42ND STREET

WARNER BROS., 1933 | BLACK AND WHITE, 89 MINUTES

DIRECTOR: LLOYD BACON SCREENPLAY: RIAN JAMES AND JAMES SEYMOUR, BASED ON THE NOVEL BY BRADFORD ROPES SONGS: HARRY WARREN (MUSIC) AND AL DUBIN (LYRICS) MUSICAL NUMBERS: BUSBY BERKELEY STARRING: WARNER BAXTER (JULIAN MARSH), BEBE DANIELS (DOROTHY BROCK), GEORGE BRENT (PAT DENNING), RUBY KEELER (PEGGY SAWYER), GUY KIBBEE (ABNER DILLON), DICK POWELL (BILLY LAWLER), UNA MERKEL (LORRAINE FLEMING), GINGER ROGERS (ANN “ANYTIME ANNIE” LOWELL), GEORGE E. STONE (ANDY LEE), EDWARD J. NUGENT (TERRY), TOBY WING (“YOUNG AND HEALTHY” GIRL)

An ailing director struggles to put on a Broadway show despite problems with his star.

You’re going out there a youngster… but you’ve got to come back a star!” This is the definitive backstage musical and, with its fierce energy and Busby Berkeley inventiveness, it remains marvelously fresh many decades later.

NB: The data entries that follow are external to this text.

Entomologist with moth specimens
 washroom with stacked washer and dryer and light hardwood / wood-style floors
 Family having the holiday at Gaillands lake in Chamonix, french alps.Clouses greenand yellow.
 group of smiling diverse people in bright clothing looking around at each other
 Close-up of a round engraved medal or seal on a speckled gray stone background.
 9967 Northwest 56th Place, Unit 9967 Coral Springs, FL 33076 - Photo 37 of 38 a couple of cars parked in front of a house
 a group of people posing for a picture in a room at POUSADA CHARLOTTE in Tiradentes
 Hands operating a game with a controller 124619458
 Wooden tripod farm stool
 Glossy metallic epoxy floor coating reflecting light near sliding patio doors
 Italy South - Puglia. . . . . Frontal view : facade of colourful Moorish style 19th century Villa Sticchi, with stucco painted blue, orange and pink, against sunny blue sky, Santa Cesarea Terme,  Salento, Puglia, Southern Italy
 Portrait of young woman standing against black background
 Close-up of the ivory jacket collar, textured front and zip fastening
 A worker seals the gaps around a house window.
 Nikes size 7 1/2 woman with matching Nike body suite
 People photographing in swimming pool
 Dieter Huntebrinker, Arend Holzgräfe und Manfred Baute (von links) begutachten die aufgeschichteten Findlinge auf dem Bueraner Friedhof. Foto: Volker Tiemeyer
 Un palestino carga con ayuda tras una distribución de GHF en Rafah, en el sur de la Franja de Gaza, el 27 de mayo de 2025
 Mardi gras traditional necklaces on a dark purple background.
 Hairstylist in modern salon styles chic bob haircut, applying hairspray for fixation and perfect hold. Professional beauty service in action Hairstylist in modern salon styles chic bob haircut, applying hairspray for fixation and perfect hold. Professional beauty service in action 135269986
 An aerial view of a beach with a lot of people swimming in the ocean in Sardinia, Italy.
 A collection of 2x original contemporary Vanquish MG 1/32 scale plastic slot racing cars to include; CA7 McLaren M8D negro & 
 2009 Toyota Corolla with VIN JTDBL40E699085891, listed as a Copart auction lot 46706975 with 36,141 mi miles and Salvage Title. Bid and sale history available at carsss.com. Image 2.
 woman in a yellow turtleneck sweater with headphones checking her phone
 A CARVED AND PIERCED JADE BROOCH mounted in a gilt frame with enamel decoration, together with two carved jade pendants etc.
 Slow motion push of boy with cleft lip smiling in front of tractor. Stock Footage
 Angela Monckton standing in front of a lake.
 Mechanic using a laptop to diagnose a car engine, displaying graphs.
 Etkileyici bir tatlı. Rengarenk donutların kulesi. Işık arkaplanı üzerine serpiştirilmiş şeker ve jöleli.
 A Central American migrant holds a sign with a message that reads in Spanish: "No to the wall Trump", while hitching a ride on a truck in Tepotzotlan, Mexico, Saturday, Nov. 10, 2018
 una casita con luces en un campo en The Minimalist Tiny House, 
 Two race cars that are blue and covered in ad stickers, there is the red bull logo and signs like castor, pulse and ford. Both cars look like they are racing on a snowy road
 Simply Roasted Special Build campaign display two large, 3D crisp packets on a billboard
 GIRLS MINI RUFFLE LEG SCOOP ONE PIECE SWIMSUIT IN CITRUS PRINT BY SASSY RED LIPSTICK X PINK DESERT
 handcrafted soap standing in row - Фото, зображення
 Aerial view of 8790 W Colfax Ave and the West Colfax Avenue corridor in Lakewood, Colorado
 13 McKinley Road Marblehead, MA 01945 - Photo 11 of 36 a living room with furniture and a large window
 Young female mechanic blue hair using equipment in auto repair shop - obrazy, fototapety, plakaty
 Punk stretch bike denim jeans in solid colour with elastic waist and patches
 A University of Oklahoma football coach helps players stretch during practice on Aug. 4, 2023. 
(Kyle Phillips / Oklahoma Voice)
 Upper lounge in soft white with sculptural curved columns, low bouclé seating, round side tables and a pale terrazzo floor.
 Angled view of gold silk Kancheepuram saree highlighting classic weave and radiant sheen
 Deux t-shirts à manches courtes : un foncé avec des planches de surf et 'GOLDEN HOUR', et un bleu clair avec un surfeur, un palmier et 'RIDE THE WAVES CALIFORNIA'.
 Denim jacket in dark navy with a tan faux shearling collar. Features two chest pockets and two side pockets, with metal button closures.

If musicals were not completely dead in the dimmest days of the Great Depression, sometimes it was hard to tell. What a master stroke, then, on the part of Warner Bros., to bring musicals back with one that reflected the national mood instead of ignoring it. People in 42nd Street are destitute, anxious, or both. Director Julian Marsh needs a hit so badly that he ignores his doctor’s warnings; star Dorothy Brock tries to keep her career going by playing nice with an investor she loathes; chorus girls Lorraine and “Anytime Annie” make wisecracks and sleep around to get jobs; and young Peggy Sawyer is sweet, talented, and starving. Audiences could identify with this kind of desperation, and could then find catharsis when, after Dorothy is injured in a drunken fall, Peggy goes on in her place and triumphs. It didn’t matter that Ruby Keeler’s acting and singing were appealingly amateurish, and that her tap dancing was more emphatic than graceful. She was someone people could believe in, just as they could believe that the success of her show, Pretty Lady, was a harbinger of better times. The musical escapism on view in 42nd Street is far more hard-edged than it is frivolous, and its final shot is not of Peggy’s success but of Marsh standing in an alleyway, exhausted and depleted. In a grim time, song and dance and despair can be a perfect combination.